Il suo secondo libro narra le vicende di Oskar, ragazzino sensibile e dalla fervida fantasia, che ha perso il papà nell’attentato dell’11 settembre. Alla storia personale del bambino, al suo personalissimo modo di superare il lutto (ricercando “cosa apre” una chiave ritrovata tra le cianfrusaglie del bizzarro padre), s’intreccia la storia dei nonni, tedeschi fuggiti da una Dresda bombardata, al tempo della Seconda Guerra Mondiale.

Ho letto questo libro molti mesi fa. Ad essere onesto non ne ricordo con esattezza la ricca trama, che comunque non è mio interesse riportare qui (chi fosse interessato alle recensioni dei lettori può cliccare  sul titolo). Preferisco parlare di altro.

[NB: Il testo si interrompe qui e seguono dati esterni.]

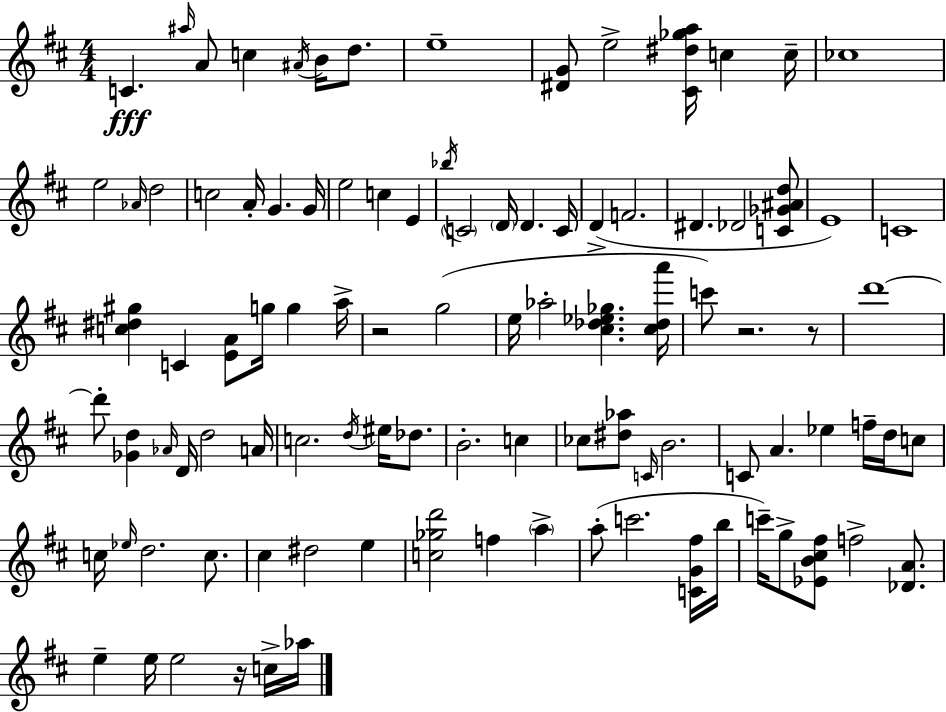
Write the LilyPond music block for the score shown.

{
  \clef treble
  \numericTimeSignature
  \time 4/4
  \key d \major
  c'4.\fff \grace { ais''16 } a'8 c''4 \acciaccatura { ais'16 } b'16 d''8. | e''1-- | <dis' g'>8 e''2-> <cis' dis'' ges'' a''>16 c''4 | c''16-- ces''1 | \break e''2 \grace { aes'16 } d''2 | c''2 a'16-. g'4. | g'16 e''2 c''4 e'4 | \acciaccatura { bes''16 } \parenthesize c'2 \parenthesize d'16 d'4. | \break c'16 d'4->( f'2. | dis'4. des'2 | <c' ges' ais' d''>8 e'1) | c'1 | \break <c'' dis'' gis''>4 c'4 <e' a'>8 g''16 g''4 | a''16-> r2 g''2( | e''16 aes''2-. <cis'' des'' ees'' ges''>4. | <cis'' des'' a'''>16 c'''8) r2. | \break r8 d'''1~~ | d'''8-. <ges' d''>4 \grace { aes'16 } d'16 d''2 | a'16 c''2. | \acciaccatura { d''16 } eis''16 des''8. b'2.-. | \break c''4 ces''8 <dis'' aes''>8 \grace { c'16 } b'2. | c'8 a'4. ees''4 | f''16-- d''16 c''8 c''16 \grace { ees''16 } d''2. | c''8. cis''4 dis''2 | \break e''4 <c'' ges'' d'''>2 | f''4 \parenthesize a''4-> a''8-.( c'''2. | <c' g' fis''>16 b''16 c'''16--) g''8-> <ees' b' cis'' fis''>8 f''2-> | <des' a'>8. e''4-- e''16 e''2 | \break r16 c''16-> aes''16 \bar "|."
} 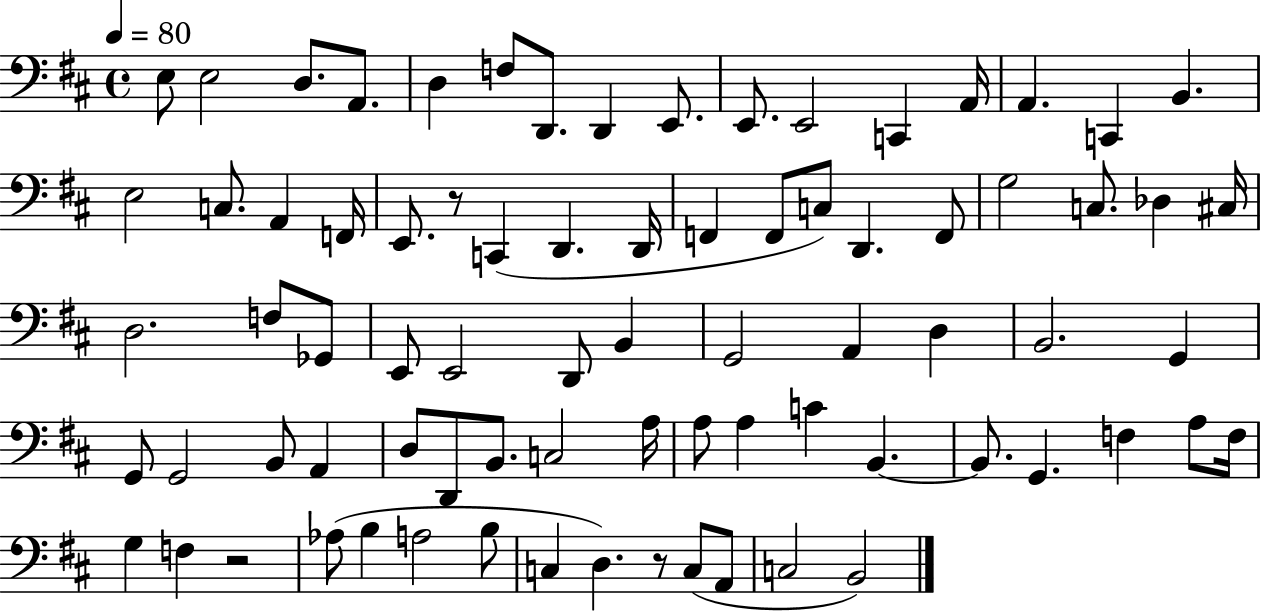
{
  \clef bass
  \time 4/4
  \defaultTimeSignature
  \key d \major
  \tempo 4 = 80
  \repeat volta 2 { e8 e2 d8. a,8. | d4 f8 d,8. d,4 e,8. | e,8. e,2 c,4 a,16 | a,4. c,4 b,4. | \break e2 c8. a,4 f,16 | e,8. r8 c,4( d,4. d,16 | f,4 f,8 c8) d,4. f,8 | g2 c8. des4 cis16 | \break d2. f8 ges,8 | e,8 e,2 d,8 b,4 | g,2 a,4 d4 | b,2. g,4 | \break g,8 g,2 b,8 a,4 | d8 d,8 b,8. c2 a16 | a8 a4 c'4 b,4.~~ | b,8. g,4. f4 a8 f16 | \break g4 f4 r2 | aes8( b4 a2 b8 | c4 d4.) r8 c8( a,8 | c2 b,2) | \break } \bar "|."
} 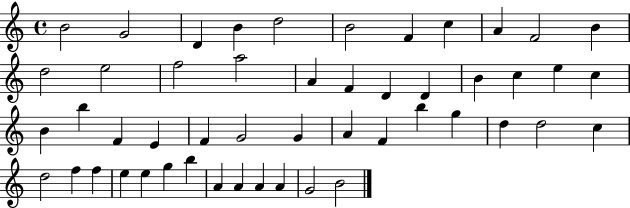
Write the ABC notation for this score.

X:1
T:Untitled
M:4/4
L:1/4
K:C
B2 G2 D B d2 B2 F c A F2 B d2 e2 f2 a2 A F D D B c e c B b F E F G2 G A F b g d d2 c d2 f f e e g b A A A A G2 B2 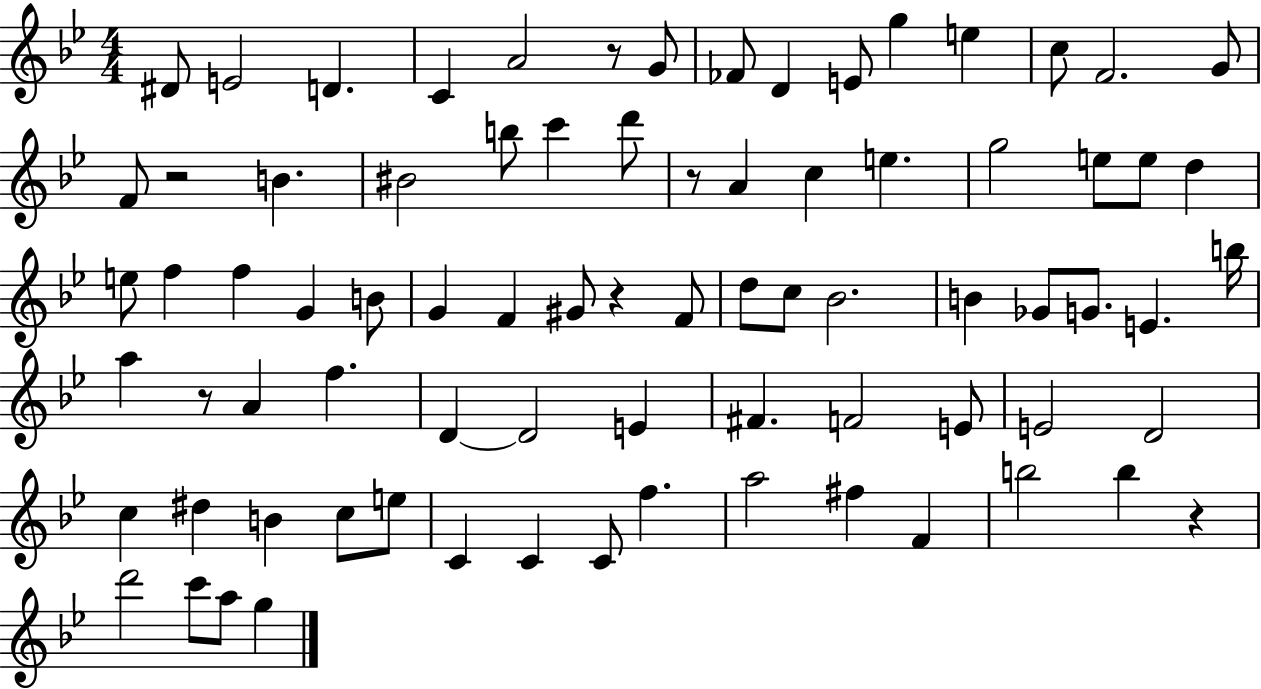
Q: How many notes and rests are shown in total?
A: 79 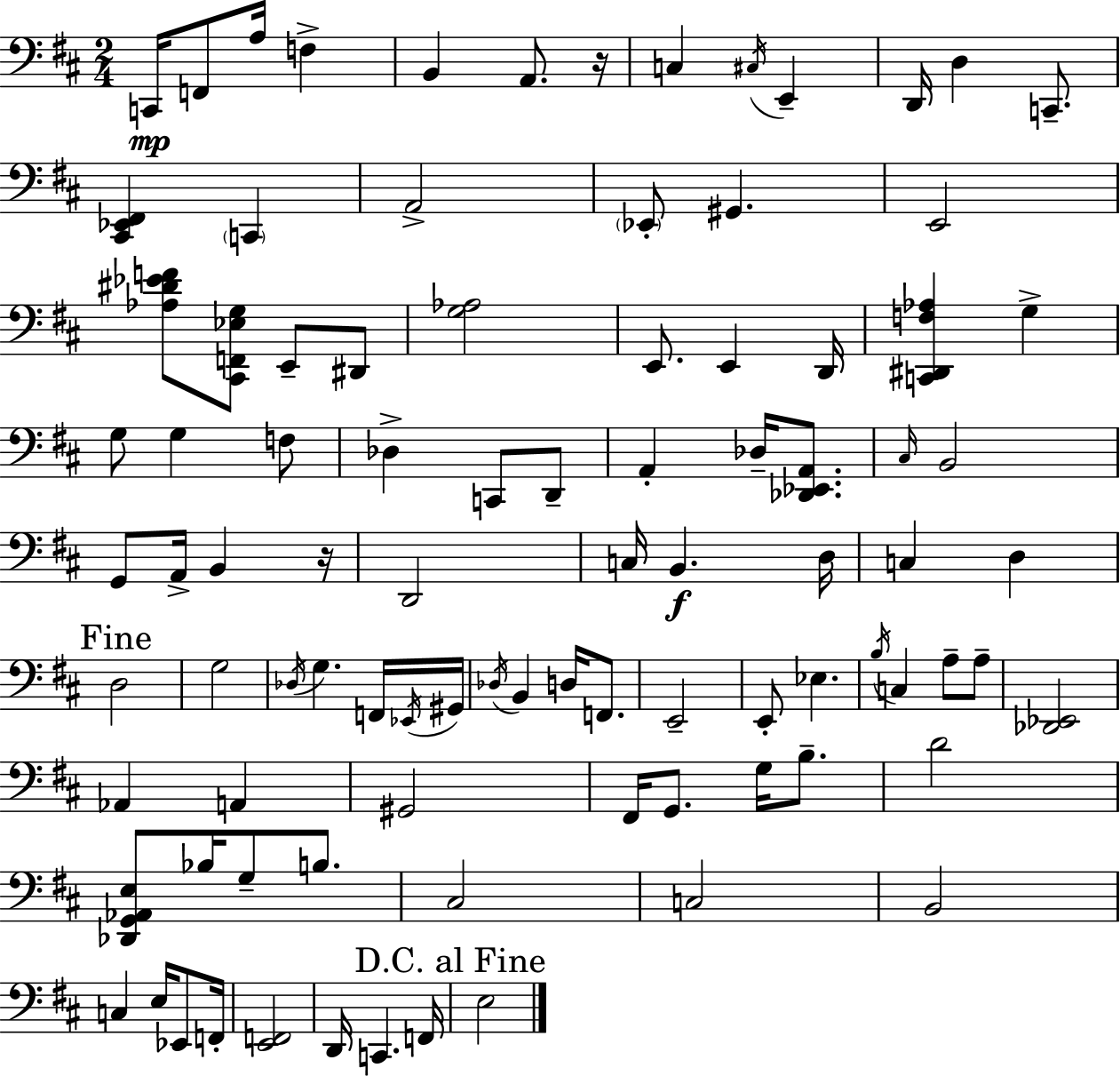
X:1
T:Untitled
M:2/4
L:1/4
K:D
C,,/4 F,,/2 A,/4 F, B,, A,,/2 z/4 C, ^C,/4 E,, D,,/4 D, C,,/2 [^C,,_E,,^F,,] C,, A,,2 _E,,/2 ^G,, E,,2 [_A,^D_EF]/2 [^C,,F,,_E,G,]/2 E,,/2 ^D,,/2 [G,_A,]2 E,,/2 E,, D,,/4 [C,,^D,,F,_A,] G, G,/2 G, F,/2 _D, C,,/2 D,,/2 A,, _D,/4 [_D,,_E,,A,,]/2 ^C,/4 B,,2 G,,/2 A,,/4 B,, z/4 D,,2 C,/4 B,, D,/4 C, D, D,2 G,2 _D,/4 G, F,,/4 _E,,/4 ^G,,/4 _D,/4 B,, D,/4 F,,/2 E,,2 E,,/2 _E, B,/4 C, A,/2 A,/2 [_D,,_E,,]2 _A,, A,, ^G,,2 ^F,,/4 G,,/2 G,/4 B,/2 D2 [_D,,G,,_A,,E,]/2 _B,/4 G,/2 B,/2 ^C,2 C,2 B,,2 C, E,/4 _E,,/2 F,,/4 [E,,F,,]2 D,,/4 C,, F,,/4 E,2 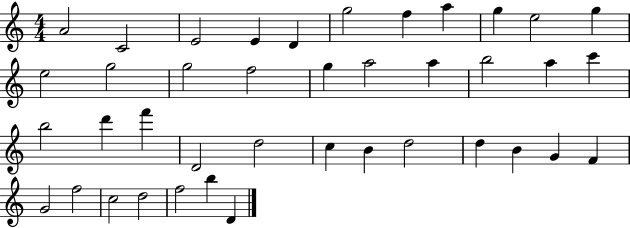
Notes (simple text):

A4/h C4/h E4/h E4/q D4/q G5/h F5/q A5/q G5/q E5/h G5/q E5/h G5/h G5/h F5/h G5/q A5/h A5/q B5/h A5/q C6/q B5/h D6/q F6/q D4/h D5/h C5/q B4/q D5/h D5/q B4/q G4/q F4/q G4/h F5/h C5/h D5/h F5/h B5/q D4/q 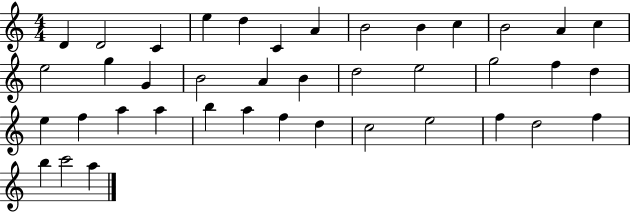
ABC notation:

X:1
T:Untitled
M:4/4
L:1/4
K:C
D D2 C e d C A B2 B c B2 A c e2 g G B2 A B d2 e2 g2 f d e f a a b a f d c2 e2 f d2 f b c'2 a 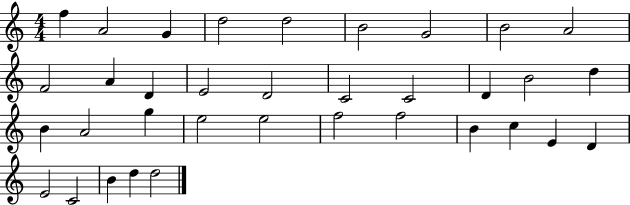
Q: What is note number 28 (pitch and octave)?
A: C5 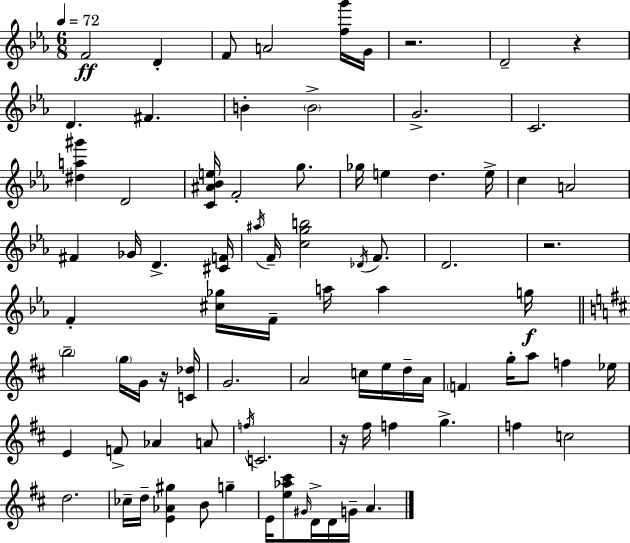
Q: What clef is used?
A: treble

La lettura è piacevole, grazie allo stile fresco della scrittura di Safran Foer, anche se l’andamento è volutamente frammentario. Nel volume, inoltre, fotografie e virtuosismi grafici ci accompagnano nella lettura.  

Ma ciò che più mi ha colpito in questa storia è il modo in cui lacrime e sorrisi si mescolano (come nella migliore tradizione del cinema di Almodovar), restando sempre in un’atmosfera di purezza e generosità incredibile.

Il giovane autore, per bocca dei suoi personaggi, mostra l’inutilità della guerra e il suo orrore. Un Orrore che genera traumi, che sono anche – e forse soprattutto – intimi e individuali. Come quello del piccolo Oskar. E forse, anche la sua personalissima risposta, il suo personalissimo lutto verso il trauma dell’America ferita nell’11 settembre.

In più, questo è anche un libro sulla ricerca. Una ricerca che è quella delle origini – rappresentata nel tentativo di scoprire cosa apre quella piccola chiave del padre – per poter andare avanti. Per sopportare il dolore e avere ancora più forza per affrontare il futuro. E apprezzarne le cose belle.

È un libro che si legge di colpo. Ci si trova smarriti, ad averlo finito. Ma che alla fine, lascia qualcosa di importante dentro di noi.